Hot Glass Alley: One for All, All for Some

hot glass alley
Photo credit Jamey Price

Hot Glass Alley, a gallery and hot glass studio, was originally founded in Pennsylvania in 2013. However, when the time came to relocate, founder Jake Pfiefer compared the respective advantages of nine different candidates for relocation. Our Queen City triumphed over Charleston, Wilmington, Savannah, Myrtle Beach, Sarasota, Alexandria, St. Augustine, and Bernardsville, NJ in 2013. Since then, Pfiefer and his team have hunkered down in their NoDa location, well off the beaten path, quietly establishing themselves as one of Charlotte’s greatest hidden gems. Inside Hot Glass Alley, you’ll find one-of-a-kind pieces, live demonstrations, and classes led by talented instructors.

The gallery displays glass pieces that take various forms including bowls, vases, drinkware, candle holders, paperweights, and ornaments. Some pieces are standalone, while others belong to a series that centers on a visual or conceptual theme. 

hot glass alley

Every piece adheres to Hot Glass Alley Pfeifer’s guiding philosophy: “Some for all. One for some.” 

Pfiefer and his team strive to create some pieces that can be owned and experienced by anyone. These are art pieces for the enjoyment of all. “I believe that everyone should be able to own handmade glass art,” explains Pfieffer. They also set aside time to create unique, complex, possibly one-of-a-kind pieces that are only affordable to some. 

hot glass alley

Design – from Concept to Installation

The design process for most commissions or “one for some” pieces—whether the piece is utilitarian or for display—begins with Pfiefer, who is not only Hot Glass Alley’s founder, but also its lead artist.
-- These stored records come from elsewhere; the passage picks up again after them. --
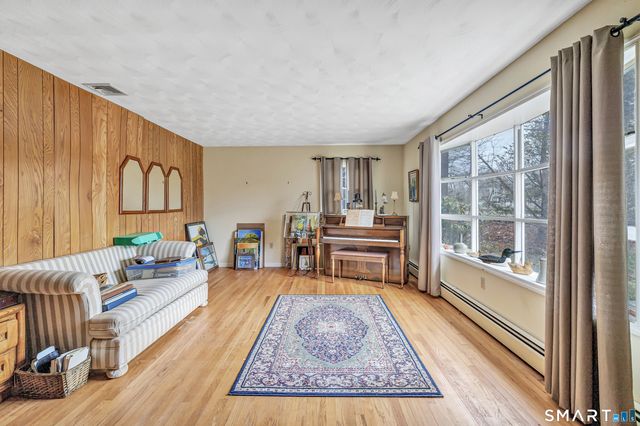 922 Baldwin Road, Woodbridge, CT 06525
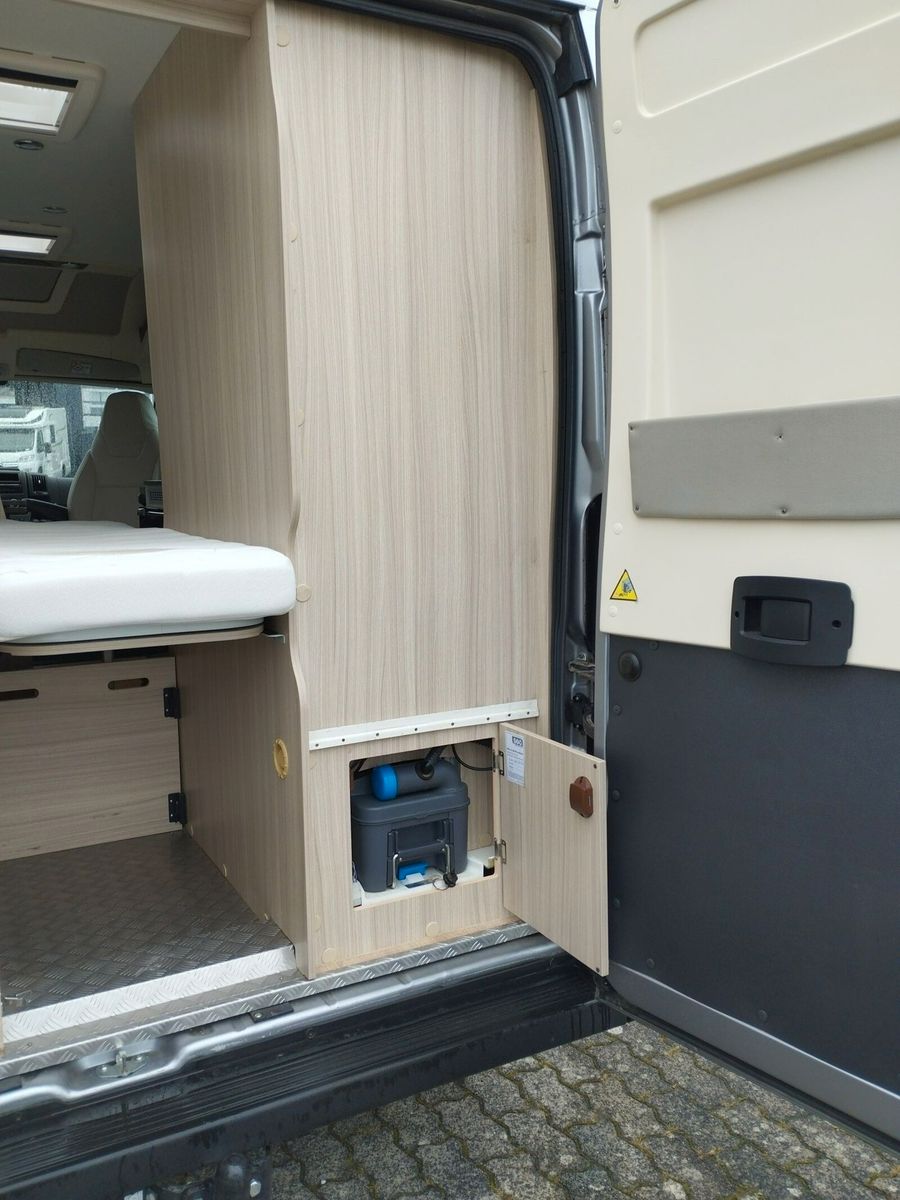 Fahrzeugabbildung Rapido Vans Dreamer D42 FUN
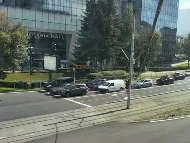 На бул. „България“ е обособена втора лента за ляв завой към бул. „Тодор Каблешков“ в посока бул. „Цар Борис III”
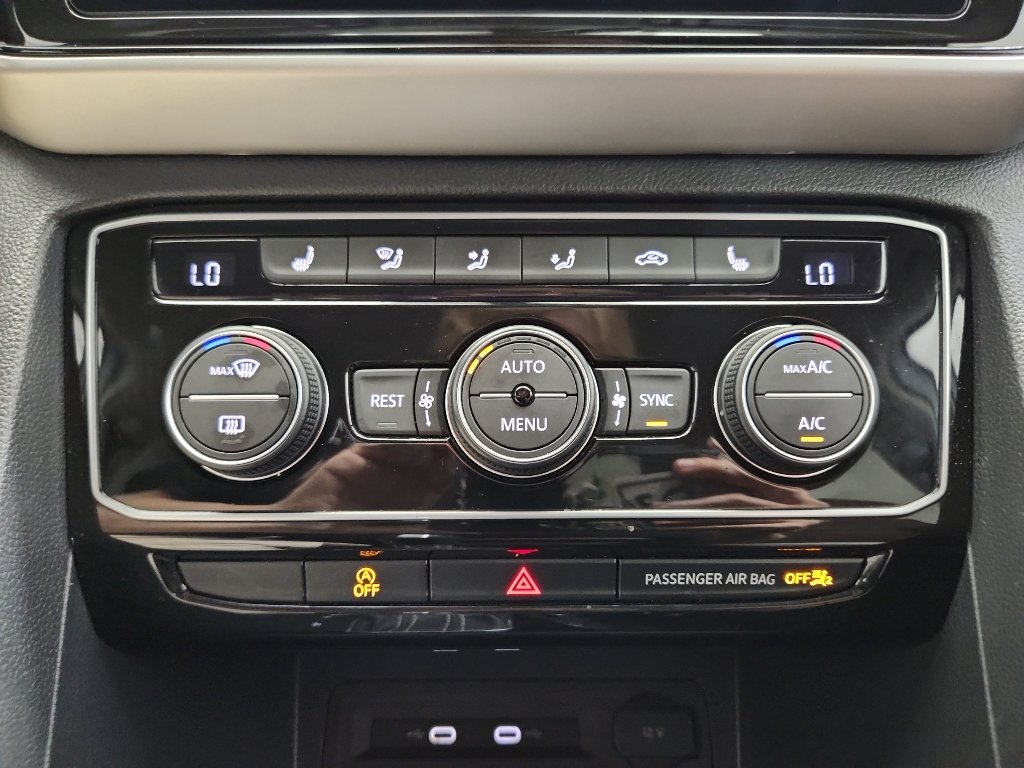 Used 2022 Volkswagen Atlas SE w/ Black Wheel Package FWD image 22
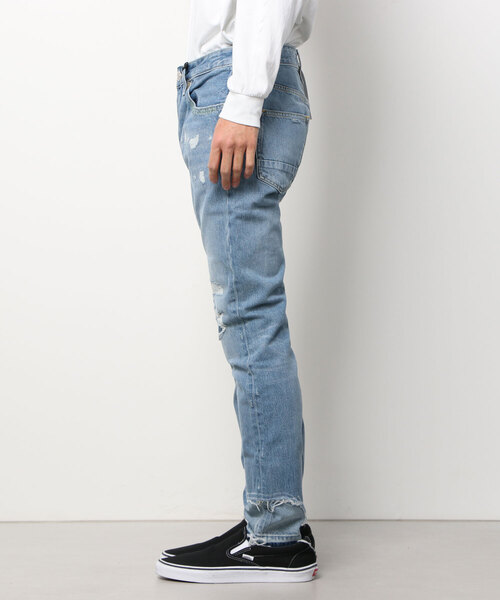 SCOTCH&SODA（スコッチアンドソーダ）の「レギュラースリムダメージデニム / Ralston -  Shake and Roll 【164367】（デニムパンツ・メンズ・インディゴブルー・29inch/33inch/32inch/30inch/31inch）」の2枚目の写真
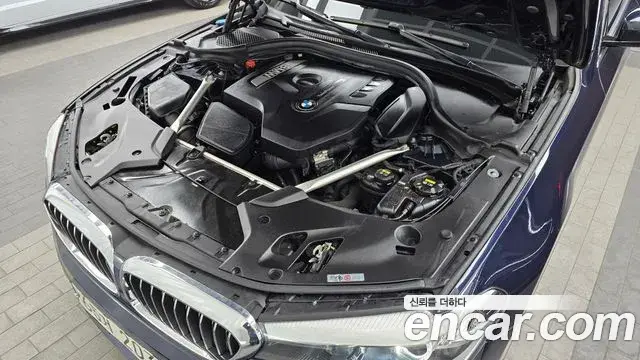BMW 5 Series 2019 — Photo 8/20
Even so, the design and creation of larger or more complex works is a collaborative process.“We often all sit together and brainstorm on pieces and we draw them out on the shop floor with chalk so that we can see what it will look like,” explains Pfiefer. 

After the design stage, Pfiefer’s process makes ample use of a variety of traditional glass blowing techniques, including Venetian and Swedish methods, as well as Reticello, Encalmo, Engraving, Sandblasting, and Sculpting techniques. These techniques imbue the piece with color, manipulate shape, offer contour, and more.

hot glass alley

“A large installation piece or a large, single standalone piece requires consideration of the space where it will go, the lighting, the color palette, and the technique. In fact, sometimes, I might make it without color first to be sure of the shape and dimensions,” says Pfiefer.

The furnaces of Hot Glass Alley are not just for professional artists. Pfiefer and his team offer glass blowing and fusing classes. Glass blowing classes have a one-to-one ratio between the students and the instructors. This ensures that students are able to safely do as much of the glass blowing work as they desire. Students can create ornaments, paperweights, wine glasses, ruffle bowls, and more. Private instruction is also available to those who desire a more in depth educational experience. These lessons cover everything from the basics to advanced glass blowing techniques and offer another avenue—or, shall we say alley—of accessibility to this breathtaking art form.